In 1997, the Reynolds Foundation awarded UAMS a $10.5 million grant to establish the department of geriatrics and an $18.3 million grant to build the new 96,000-square-foot structure to house the geriatric education and research programs, patient services, public policy initiative, and administrative offices. Ford served on and chaired its Foundation Fund Board and focused on developing the Donald W. Reynolds Institute of Aging. An auditorium in the university’s Department of Geriatrics is named for her, as is the institute’s distinguished service award.

“When we were writing the grant for the Reynolds gift, she helped us write it,” said then-UAMS Chancellor Dr. Harry Ward in 2001. “Without her strong words of commitment we never would have gotten the grant.”

“And after the grant was awarded, we still needed to raise 20%, or $3.6 million, of the construction costs, and she helped us do that,” he said. “The Center on Aging would not exist without Jo Ellen Ford.”

Ford, who received the inaugural UAMS P.O. Hooper, M.D., Leadership Award, also helped establish the university’s Winthrop P. Rockefeller Cancer Institute, for which she and her husband received the Pat and Willard Walker Tribute Award. Her philanthropy also helped the UAMS College of Nursing, the Stop Alzheimer’s organization, an endowed fund in clinical affairs, programs to address covid-19, and UAMS’ Orthopaedics and Spine Hospital, to which survivors are asking memorial donations be made.

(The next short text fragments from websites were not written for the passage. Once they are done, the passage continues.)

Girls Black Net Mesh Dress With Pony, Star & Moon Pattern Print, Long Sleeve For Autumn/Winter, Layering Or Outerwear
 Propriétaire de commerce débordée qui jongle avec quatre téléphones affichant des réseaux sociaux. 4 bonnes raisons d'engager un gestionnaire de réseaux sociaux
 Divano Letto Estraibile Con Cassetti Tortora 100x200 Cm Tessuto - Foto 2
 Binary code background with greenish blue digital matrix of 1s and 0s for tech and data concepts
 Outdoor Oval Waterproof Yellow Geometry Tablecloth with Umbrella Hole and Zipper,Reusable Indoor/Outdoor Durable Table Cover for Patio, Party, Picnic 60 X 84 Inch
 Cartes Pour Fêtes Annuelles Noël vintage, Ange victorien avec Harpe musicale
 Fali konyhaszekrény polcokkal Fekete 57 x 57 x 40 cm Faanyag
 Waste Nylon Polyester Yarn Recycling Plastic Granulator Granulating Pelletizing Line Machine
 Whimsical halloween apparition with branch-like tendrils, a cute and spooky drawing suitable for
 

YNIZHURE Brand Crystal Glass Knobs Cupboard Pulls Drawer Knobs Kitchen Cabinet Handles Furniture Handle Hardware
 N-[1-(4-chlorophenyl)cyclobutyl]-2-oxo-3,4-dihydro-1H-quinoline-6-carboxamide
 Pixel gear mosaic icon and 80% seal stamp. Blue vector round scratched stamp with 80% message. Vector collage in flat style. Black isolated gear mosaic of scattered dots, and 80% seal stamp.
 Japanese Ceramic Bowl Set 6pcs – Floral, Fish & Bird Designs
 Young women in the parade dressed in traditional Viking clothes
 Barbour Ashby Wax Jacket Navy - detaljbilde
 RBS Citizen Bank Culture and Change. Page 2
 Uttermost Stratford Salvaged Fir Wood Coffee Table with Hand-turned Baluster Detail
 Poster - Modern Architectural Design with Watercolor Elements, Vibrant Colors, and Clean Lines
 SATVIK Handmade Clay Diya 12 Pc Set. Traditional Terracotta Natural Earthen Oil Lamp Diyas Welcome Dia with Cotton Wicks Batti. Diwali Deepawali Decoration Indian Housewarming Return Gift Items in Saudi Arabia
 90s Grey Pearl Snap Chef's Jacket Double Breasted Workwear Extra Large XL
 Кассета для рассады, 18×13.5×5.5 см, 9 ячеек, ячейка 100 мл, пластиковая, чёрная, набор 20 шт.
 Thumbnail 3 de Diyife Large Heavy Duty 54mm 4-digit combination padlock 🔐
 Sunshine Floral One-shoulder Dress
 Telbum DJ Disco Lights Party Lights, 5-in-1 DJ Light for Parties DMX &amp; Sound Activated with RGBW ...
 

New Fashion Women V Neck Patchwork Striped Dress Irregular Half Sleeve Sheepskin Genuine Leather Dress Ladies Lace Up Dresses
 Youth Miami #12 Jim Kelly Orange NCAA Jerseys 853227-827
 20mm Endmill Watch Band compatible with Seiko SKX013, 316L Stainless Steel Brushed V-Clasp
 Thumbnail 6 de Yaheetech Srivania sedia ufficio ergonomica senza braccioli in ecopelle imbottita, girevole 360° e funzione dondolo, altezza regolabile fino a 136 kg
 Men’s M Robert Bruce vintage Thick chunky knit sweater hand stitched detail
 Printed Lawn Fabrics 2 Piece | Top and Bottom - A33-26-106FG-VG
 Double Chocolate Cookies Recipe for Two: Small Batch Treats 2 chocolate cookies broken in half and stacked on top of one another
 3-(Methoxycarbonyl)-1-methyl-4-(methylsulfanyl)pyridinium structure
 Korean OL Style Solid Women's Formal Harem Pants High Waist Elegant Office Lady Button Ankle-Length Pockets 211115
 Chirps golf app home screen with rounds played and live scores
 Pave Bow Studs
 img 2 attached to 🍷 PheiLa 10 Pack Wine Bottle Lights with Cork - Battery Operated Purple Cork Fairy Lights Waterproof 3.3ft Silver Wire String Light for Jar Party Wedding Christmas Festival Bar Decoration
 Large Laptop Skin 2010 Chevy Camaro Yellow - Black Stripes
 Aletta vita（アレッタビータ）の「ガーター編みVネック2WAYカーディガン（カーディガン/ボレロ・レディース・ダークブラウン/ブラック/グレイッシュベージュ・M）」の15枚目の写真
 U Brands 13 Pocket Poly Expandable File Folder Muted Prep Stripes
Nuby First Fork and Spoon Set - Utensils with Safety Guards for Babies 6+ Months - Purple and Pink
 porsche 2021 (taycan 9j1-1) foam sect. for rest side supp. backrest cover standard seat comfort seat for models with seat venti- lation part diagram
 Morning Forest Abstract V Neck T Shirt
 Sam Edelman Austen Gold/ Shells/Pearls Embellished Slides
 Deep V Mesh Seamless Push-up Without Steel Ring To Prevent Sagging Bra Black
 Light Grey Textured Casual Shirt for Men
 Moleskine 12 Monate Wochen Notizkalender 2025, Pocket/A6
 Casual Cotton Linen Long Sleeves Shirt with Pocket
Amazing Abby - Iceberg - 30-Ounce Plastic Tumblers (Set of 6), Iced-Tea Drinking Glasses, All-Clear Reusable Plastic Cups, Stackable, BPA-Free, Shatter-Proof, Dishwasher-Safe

“Jo Ellen Ford was an exceptional Arkansan whose support, generosity and lifetime of service profoundly impacted UAMS and the state of health care in Arkansas,” said UAMS Chancellor Dr. Cam Patterson in a statement. “She unselfishly gave of her wisdom and her time to serve as a trusted advisor to me and other chancellors before me. I will miss her gentle guiding hand but am grateful to have known her and will always remember her as a treasured friend.”